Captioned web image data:
↓↓↓
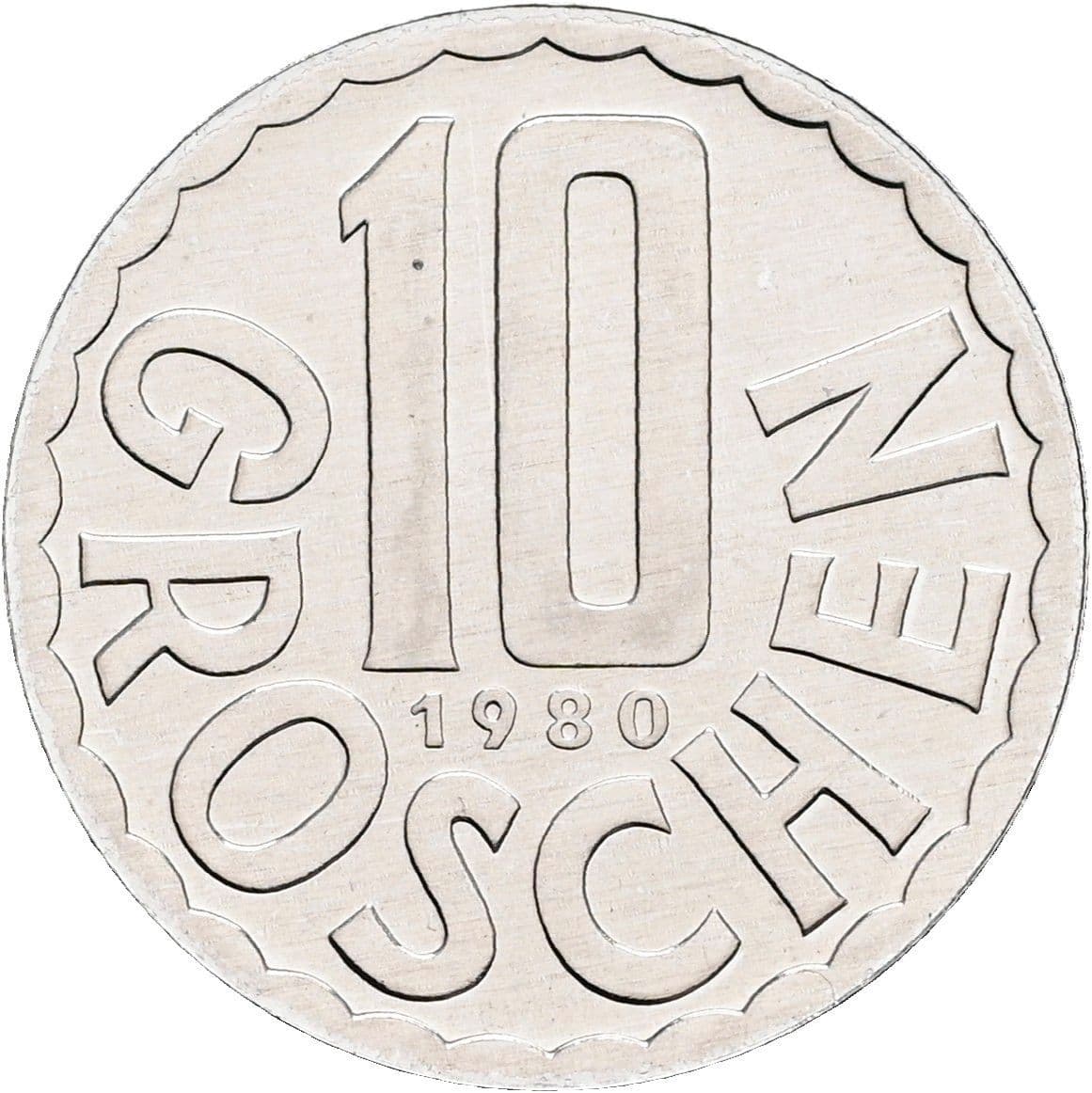 10 Groschen 1980 – Vorderseite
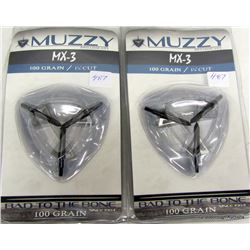 MUZZY MX3 100GR BROADHEADS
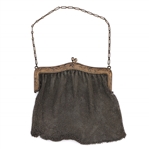 STERLING SILVER CARTER, HALE & CO. MESH HANDBAG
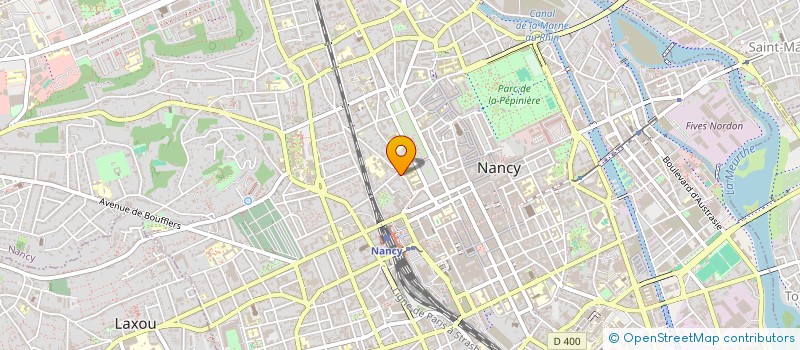 localisation de l'entreprise ROSEBUD  NANCY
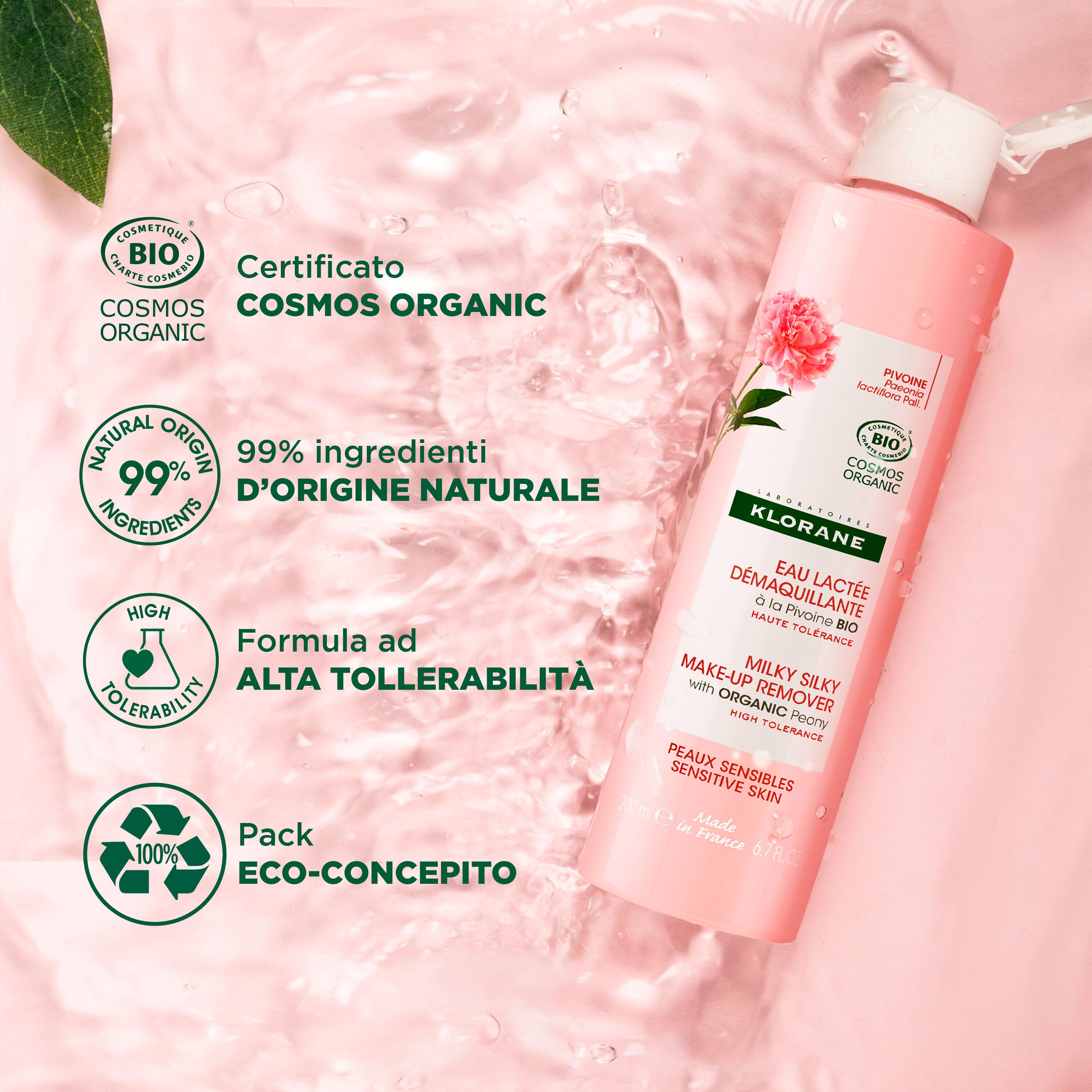 Klorane - Acqua Latte Struccante Alla Peonia Bio Per Pelle Sensibile 200 ml
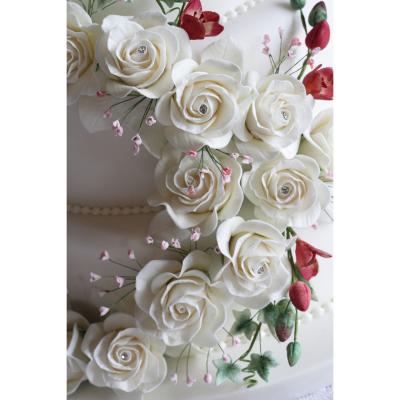 Dimante Studded Sugar Roses, Freesia and Gypsophila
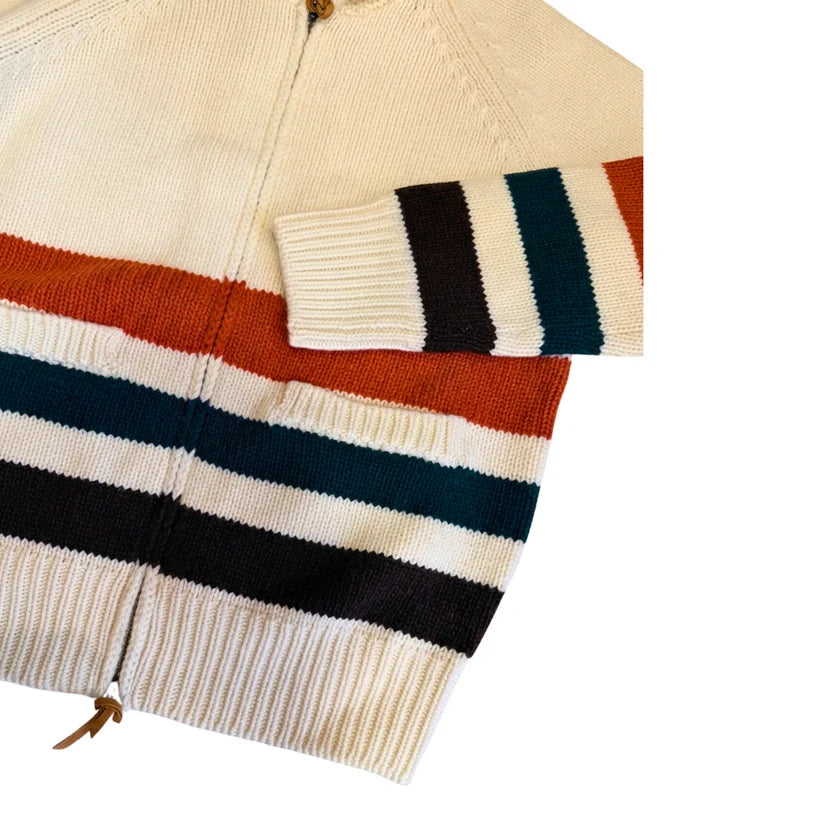 W6-DYER BAY CARDIGAN ZIP Natural Man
↑↑↑
Each entry above has to be set down again verbatim, except for its pictures.

Task result -
 10 Groschen 1980 – Vorderseite
 MUZZY MX3 100GR BROADHEADS
 STERLING SILVER CARTER, HALE & CO. MESH HANDBAG
 localisation de l'entreprise ROSEBUD  NANCY
 Klorane - Acqua Latte Struccante Alla Peonia Bio Per Pelle Sensibile 200 ml
 Dimante Studded Sugar Roses, Freesia and Gypsophila
 W6-DYER BAY CARDIGAN ZIP Natural Man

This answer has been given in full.